Reasons to be bullish
- Parts of the Corn Belt are a little too dry and others are a little too wet.
- Sorghum appears to have been removed from China’s no trade list.
- There are rumors China will be buying more ag products from the U.S. Many think it will be corn, DDG, and ethanol.
- Wheat prices have been increasing.
- Globally, and especially Brazil, corn growing areas outside of the US are dry.
- Potential ethanol sales to China, as part of recent trade talks, could encourage more corn usage.
- Corn trendline yields would mean the lowest carryout in several years.
- Weather forecasts indicate a hot and dry June.
Reasons to be bearish
- Planting pace is nearly perfect, which may mean more corn acres.
- There are many trade unknowns involving NAFTA.
- There is no guarantee that China will actually buy all of the grain in the new trade agreement being discussed.
- Trade talks are constantly changing, so there is no guarantee of anything.
- The 2017 carryout is still sizable.
- July and August forecasts are indicating normal weather.

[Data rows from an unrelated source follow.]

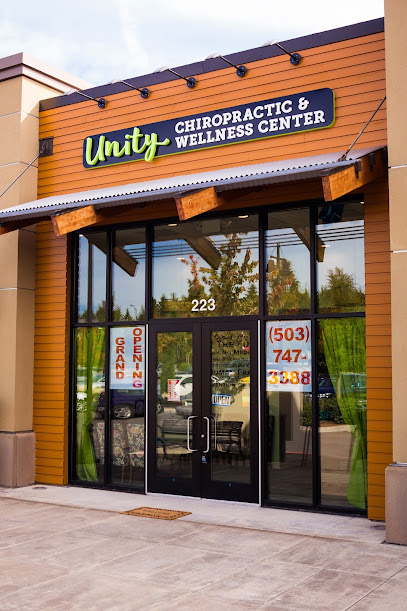 Unity Chiropractic And Wellness Center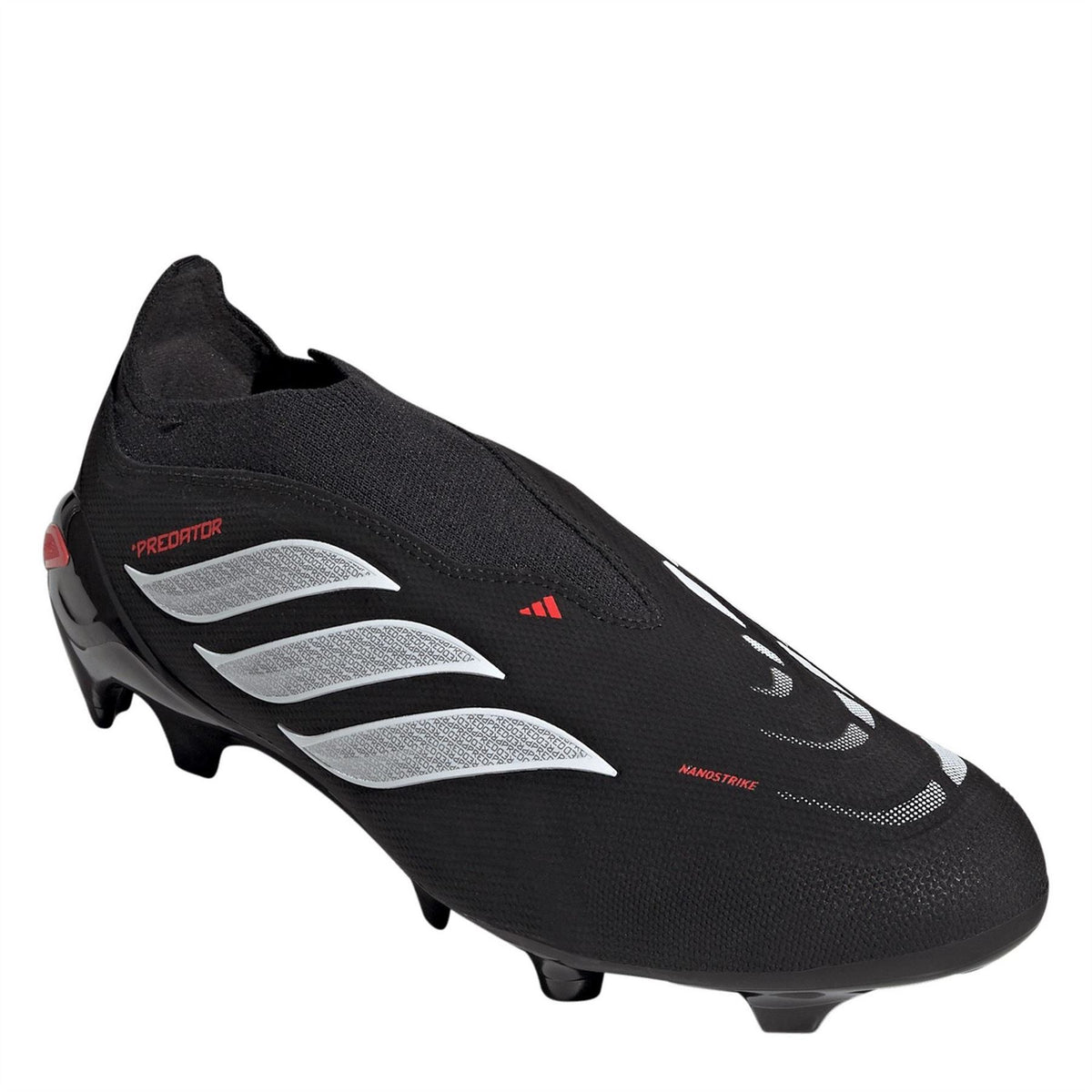 adidas adidas Predator League Laceless Firm Ground Football Boots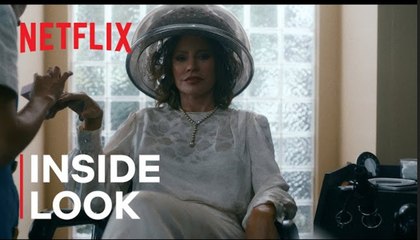 Inside Sofía Vergara's Stunning Transformation into Griselda Blanco on Netflix 🎬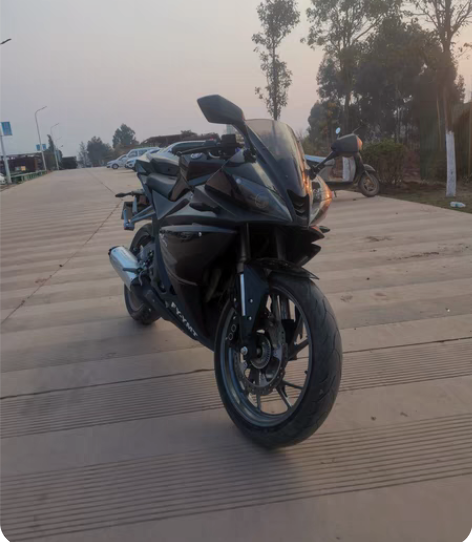 出售个人爱车飞鹰r25高配，2020年11...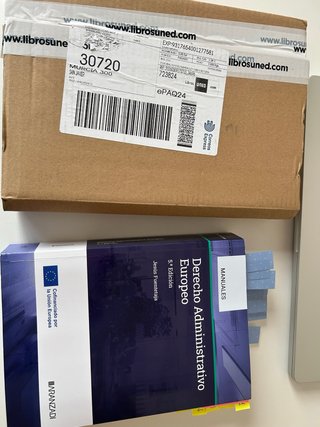 Derecho Administrativo Europeo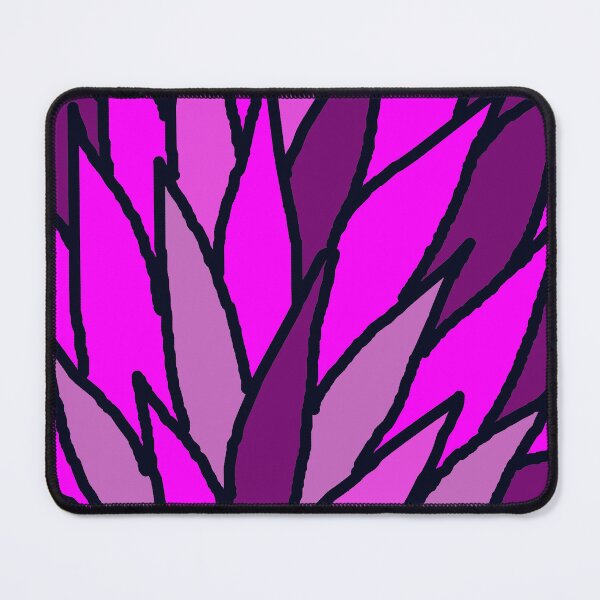 Artikelvorschau, Neon-Agave – Abstrakte botanische Kunst entworfen und verkauft von BulletKitty82.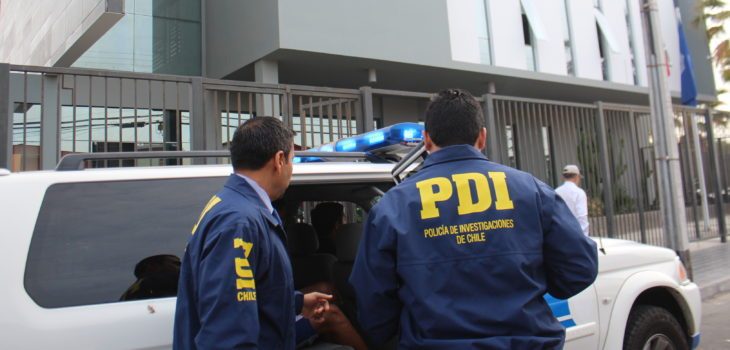 Condenan a más de 20 años de cárcel a culpables de la mayor red de tráfico de personas migrantes descubierta en Chile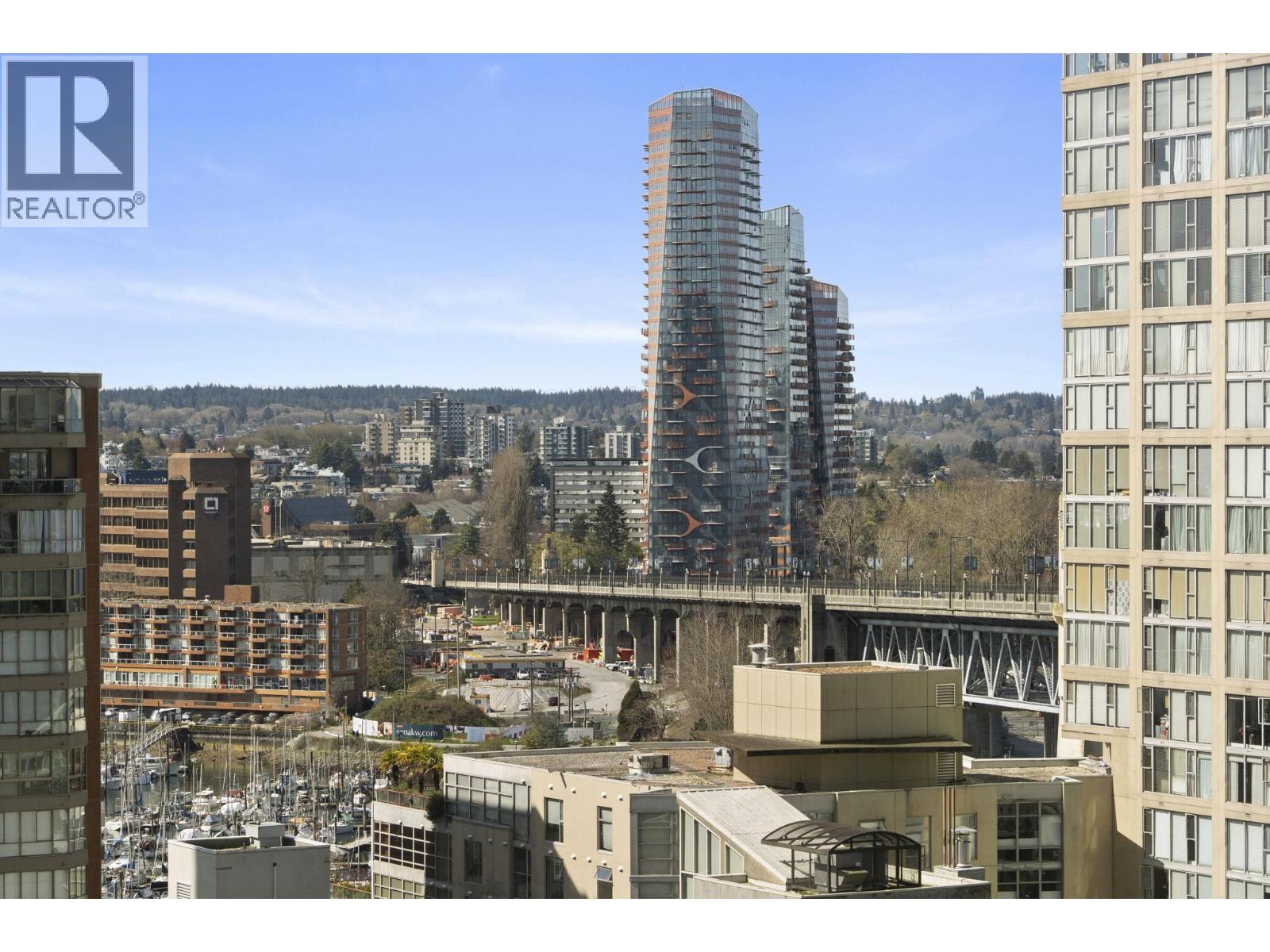 1209 888 Pacific Street, Vancouver, British Columbia  V6Z 2S6 - Photo 10 - R3107929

How biases can affect grain marketing plans
Over the summer social media will be flooded with crop pictures from farmers. Usually, the most extreme pictures (i.e. crops under stress) are shared more frequently, while healthy crop pictures are posted much less often. I think this stems, at least in part, from farmers’ natural market position. They want prices to go up and they look for any reason to justify why it should happen.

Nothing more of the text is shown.